Exercise brief - Repeat each record exactly as written, and drop any images.

╭─ Data to use

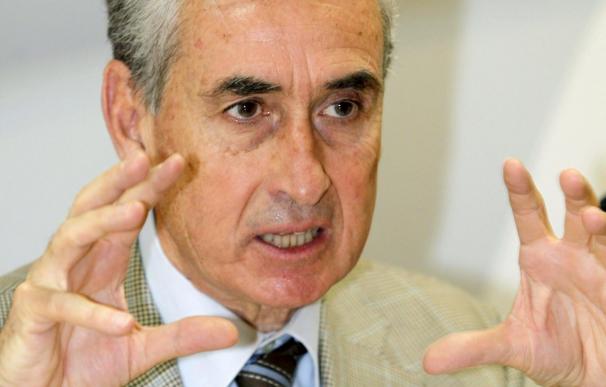 El europarlamentario, Ramón Jáuregui, en foto de archivo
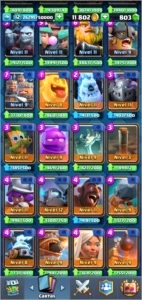 Clash Royale - Rei lv12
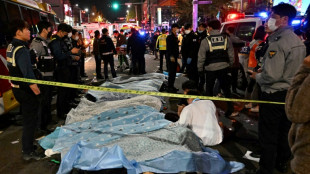 Nearly 150 killed in Halloween stampede in Seoul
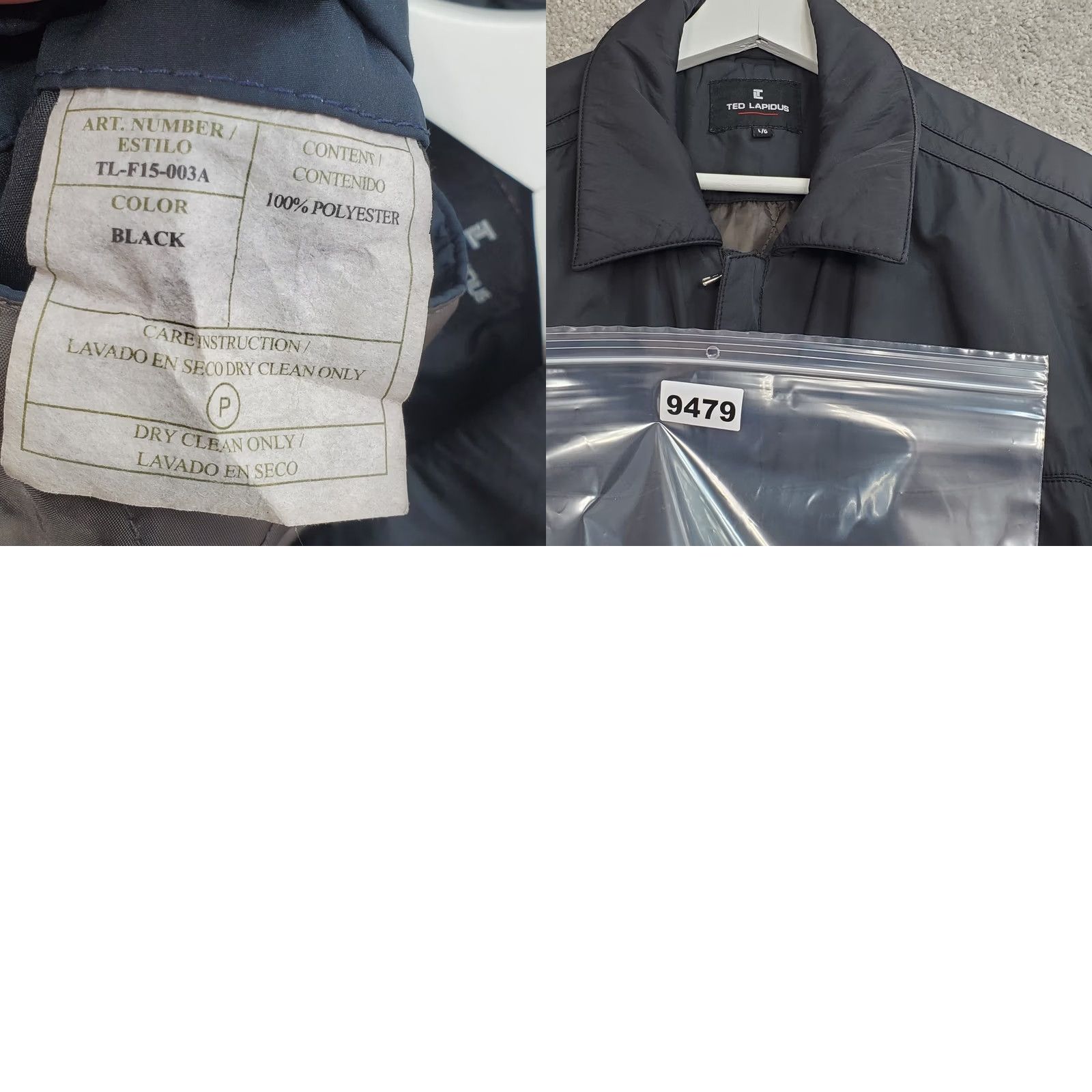 TED LAPIDUS -Brand: TED LAPIDUS Size US L / EU 52-54 / 3 - 9 Thumbnail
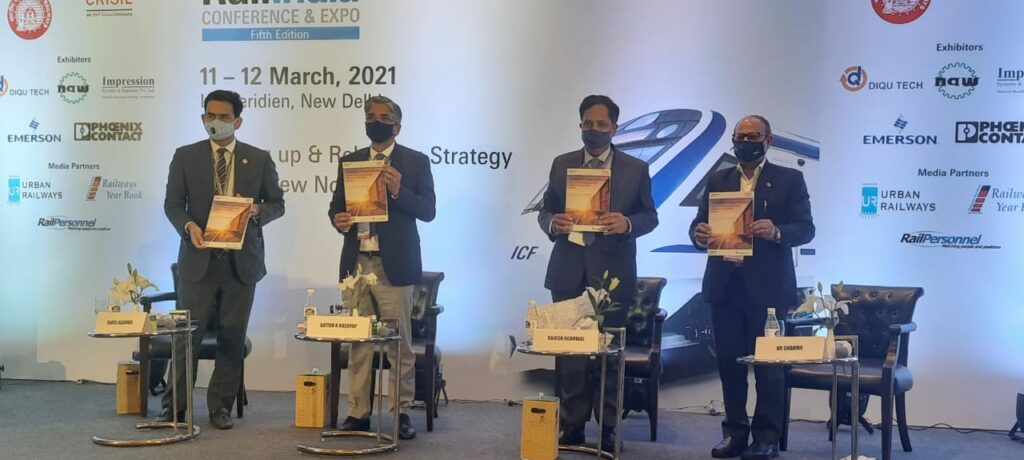 Rail India Conference & Expo 2022 gears up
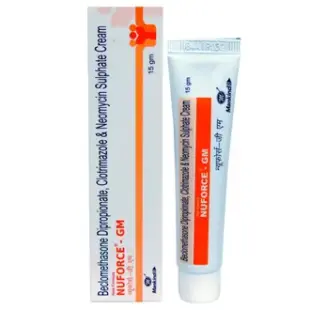 Nuforce-GM Cream 1*15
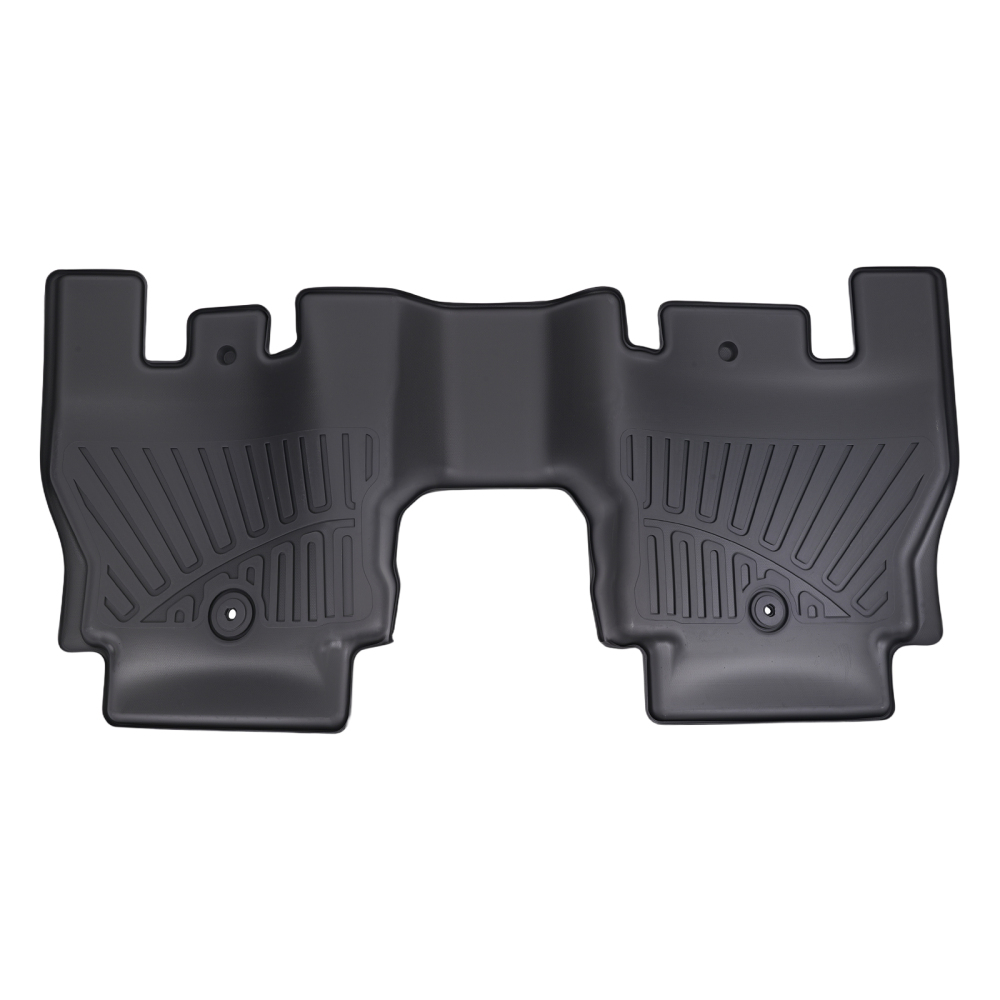 3Pcs Floor Mats compatible for Jeep Wrangler JL 4-Door 18-2024 TPE Floor Liners All Weather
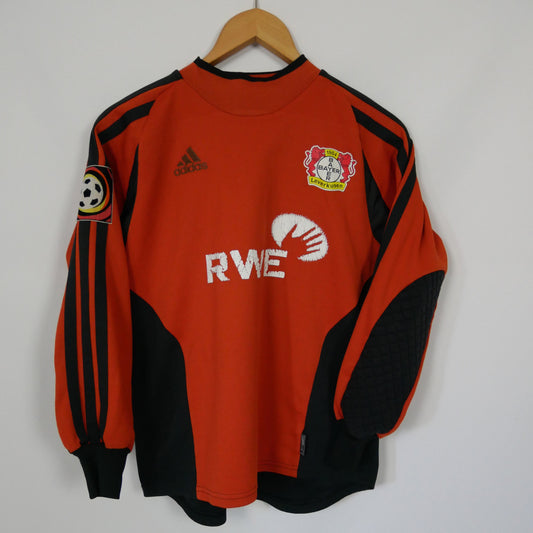 Leverkusen vintage Butt Trikot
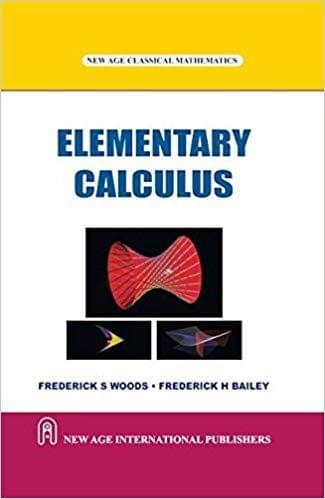 Elementry Calculus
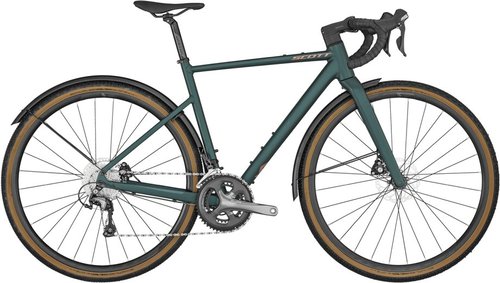 Scott Contessa Speedster Gravel 25 EQ Rennrad Grün Modell 2024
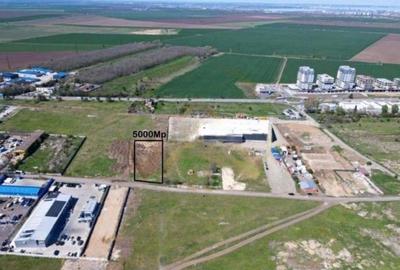 DE VÂNZARE – Teren 5.000 mp, deschidere 48,9 ml, zona Ancora - Pud în lucru - 1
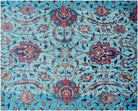 Handmade Tribal Abrash Collection Rug | 297 x 197 cm | 9'9" x 6'6" - Najaf Rugs & Textile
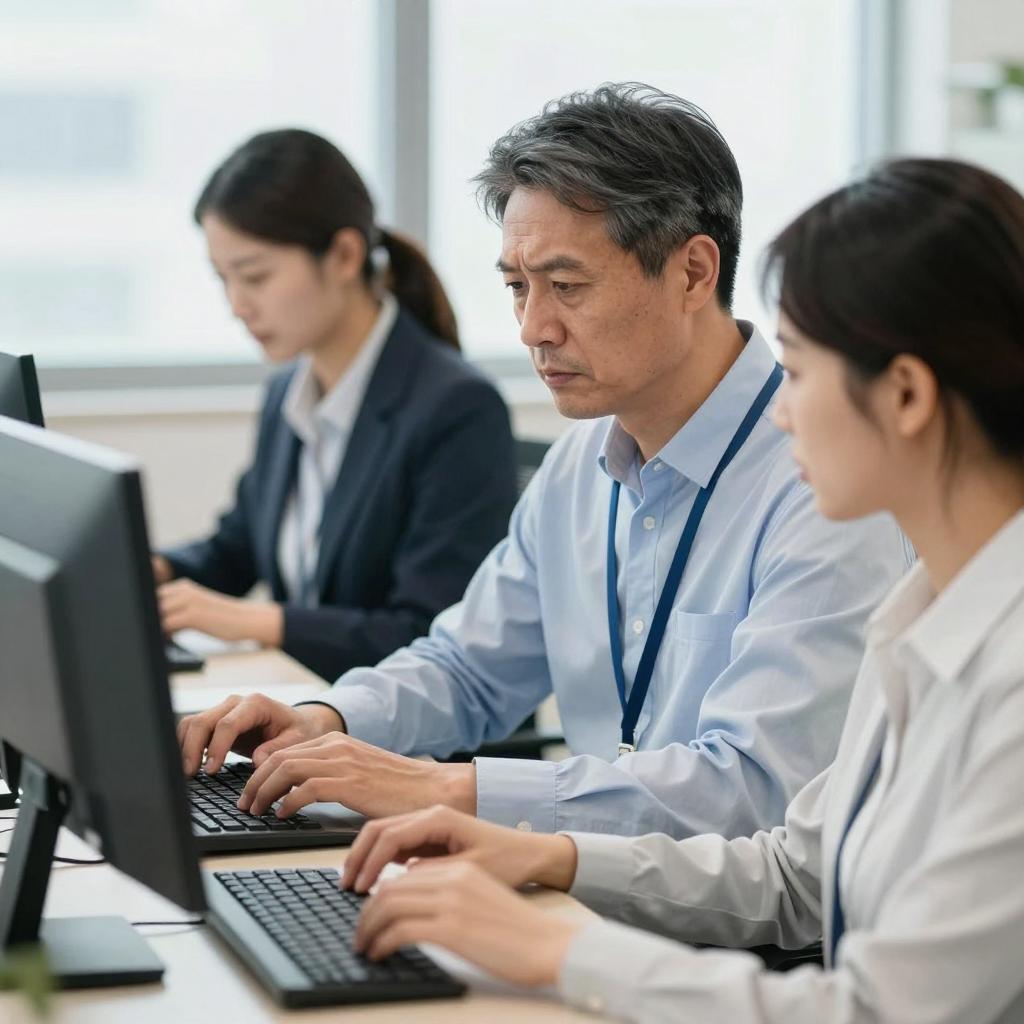 职场生存三大法则:踏实勤快话少(图1) 职场生存三大法则:踏实勤快话少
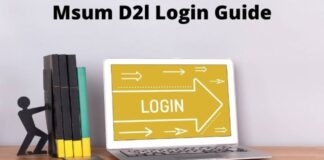 D2L MSUM course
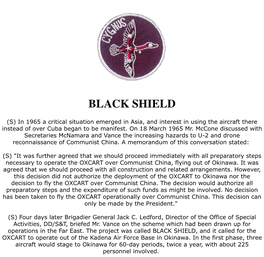 Black Shield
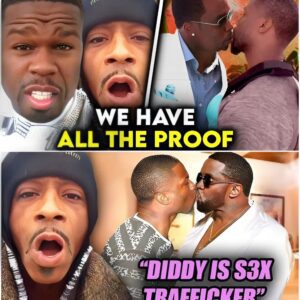 50 Cent And Katt Williams Leak Video Of Diddy's Fr3ak 0ff With Kevin Hart -141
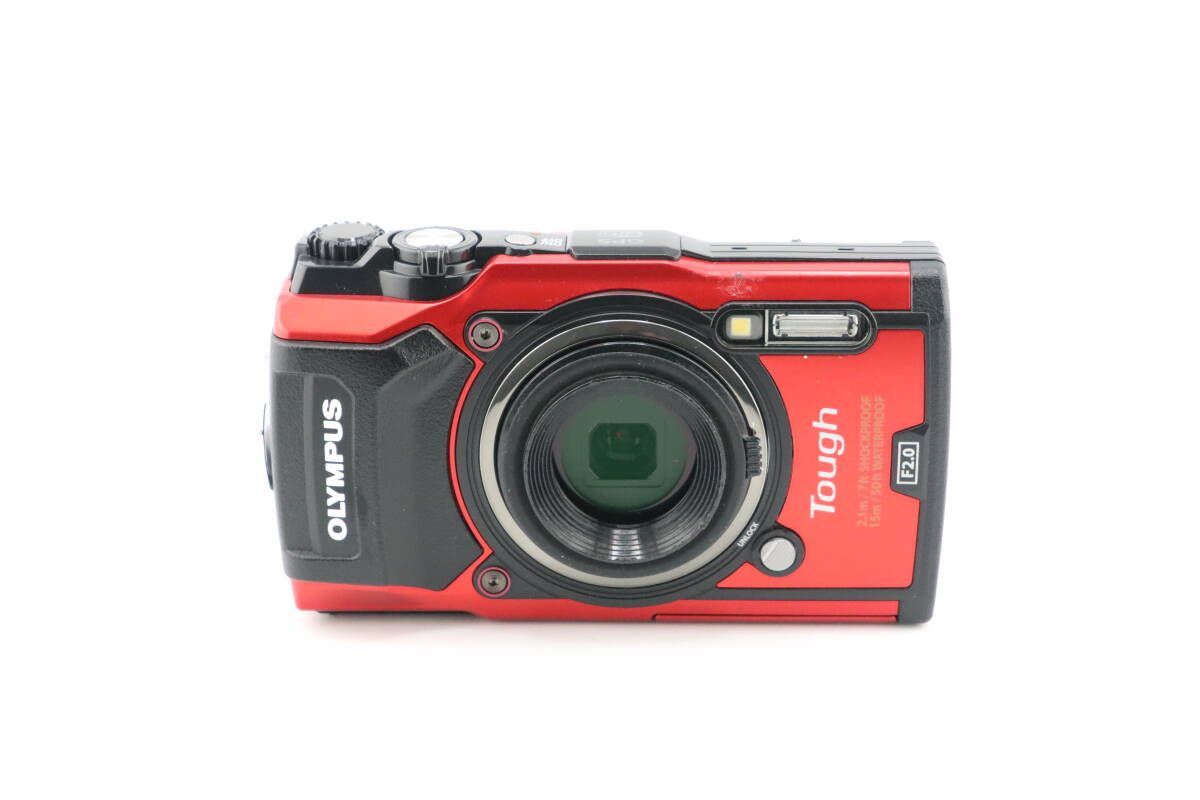 オリンパス OLYMPUS Tough TG 5 コンパクトデジタルカメラ I 1017＃3589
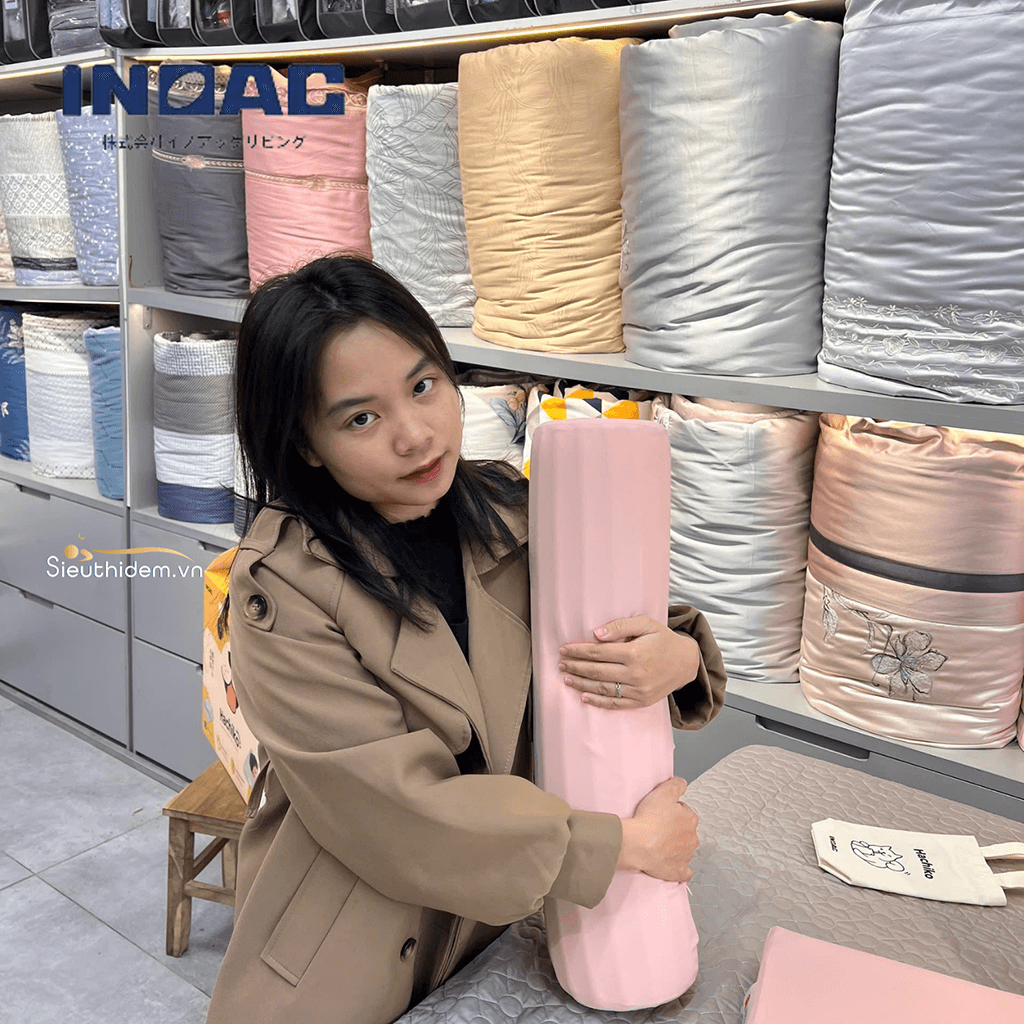 Bộ Gối Foam Trẻ Em Hachiko Kids-5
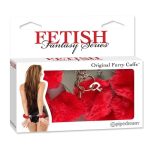 Original Furry Cuffs Red - Image 4
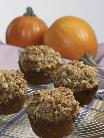 K�rbis-Walnuss-Muffins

╰─

Reply -
 El europarlamentario, Ramón Jáuregui, en foto de archivo
 Clash Royale - Rei lv12
 Nearly 150 killed in Halloween stampede in Seoul
 TED LAPIDUS -Brand: TED LAPIDUS Size US L / EU 52-54 / 3 - 9 Thumbnail
 Rail India Conference & Expo 2022 gears up
 Nuforce-GM Cream 1*15
 3Pcs Floor Mats compatible for Jeep Wrangler JL 4-Door 18-2024 TPE Floor Liners All Weather
 Leverkusen vintage Butt Trikot
 Elementry Calculus
 Scott Contessa Speedster Gravel 25 EQ Rennrad Grün Modell 2024
 DE VÂNZARE – Teren 5.000 mp, deschidere 48,9 ml, zona Ancora - Pud în lucru - 1
 Handmade Tribal Abrash Collection Rug | 297 x 197 cm | 9'9" x 6'6" - Najaf Rugs & Textile
 职场生存三大法则:踏实勤快话少(图1) 职场生存三大法则:踏实勤快话少
 D2L MSUM course
 Black Shield
 50 Cent And Katt Williams Leak Video Of Diddy's Fr3ak 0ff With Kevin Hart -141
 オリンパス OLYMPUS Tough TG 5 コンパクトデジタルカメラ I 1017＃3589
 Bộ Gối Foam Trẻ Em Hachiko Kids-5
 Original Furry Cuffs Red - Image 4
 K�rbis-Walnuss-Muffins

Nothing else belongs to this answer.